At Web Directions South 2007 in Sydney this week, I caught up with Chris Wilson, the Platform Architect for Internet Explorer at Microsoft. Chris has been building web browsers for as long as there have been web browsers, and it was a pleasure to sit down with him at the end of the final day of the conference.
In his talk at the conference, “Moving the Web Forward”, Chris gave the audience a glimpse into the realities of developing the most popular web browser in the world. With over 500,000,000 users to answer to, the words “Don’t break the Web” have become an overriding mantra for the company in its work to develop the next version of Internet Explorer (currently known as IE.Next).

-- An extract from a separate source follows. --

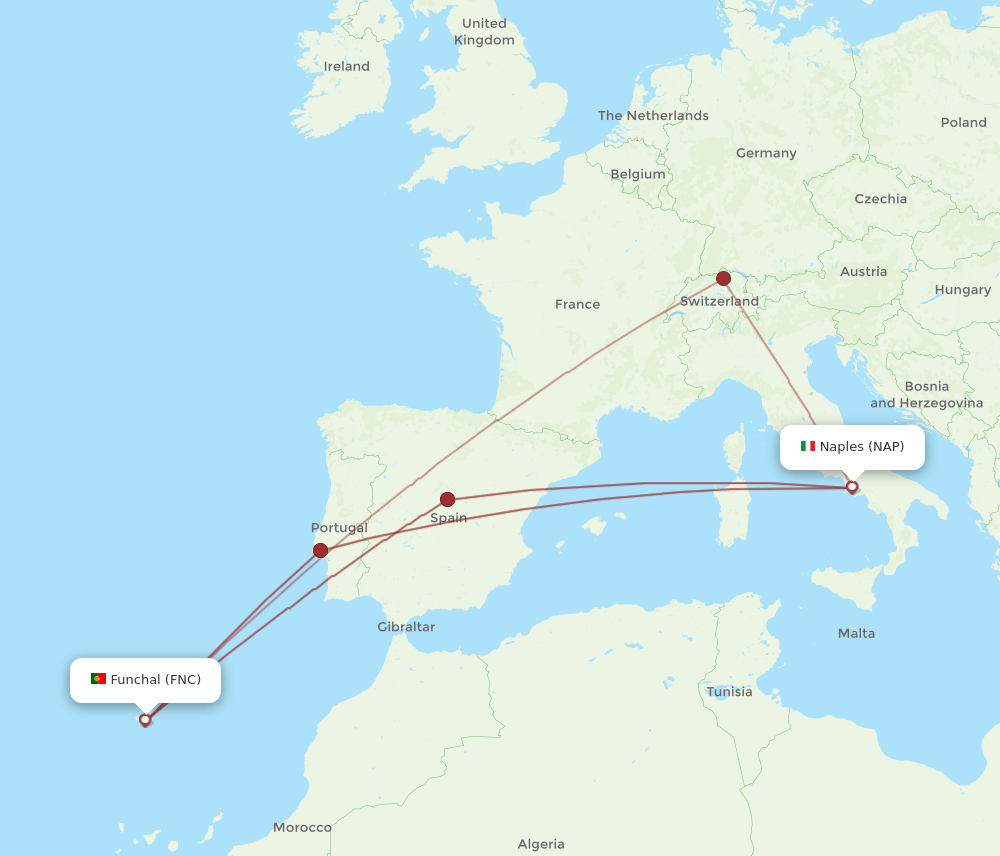 FNC-NAP flight routes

I took the opportunity to ask Chris a few of the questions that were at the top of my mind following his presentation:
- Kevin Yank
- “Your team is building a whole new rendering engine for the next version of IE.”
- Chris Wilson
- “What we’re actually focused on right now is specifically the layout engine part of that. The part that figures out how to lay out text content, borders, etc. on the screen, and be able to manage text flow in general. […] We realised that, you know, ‘Wow—we are Microsoft. There are a lot of people here with layout expertise. There are a lot of people who really know how to do layout right.’ […] We needed to unchain those people, and really allow them to do some really incredible things.”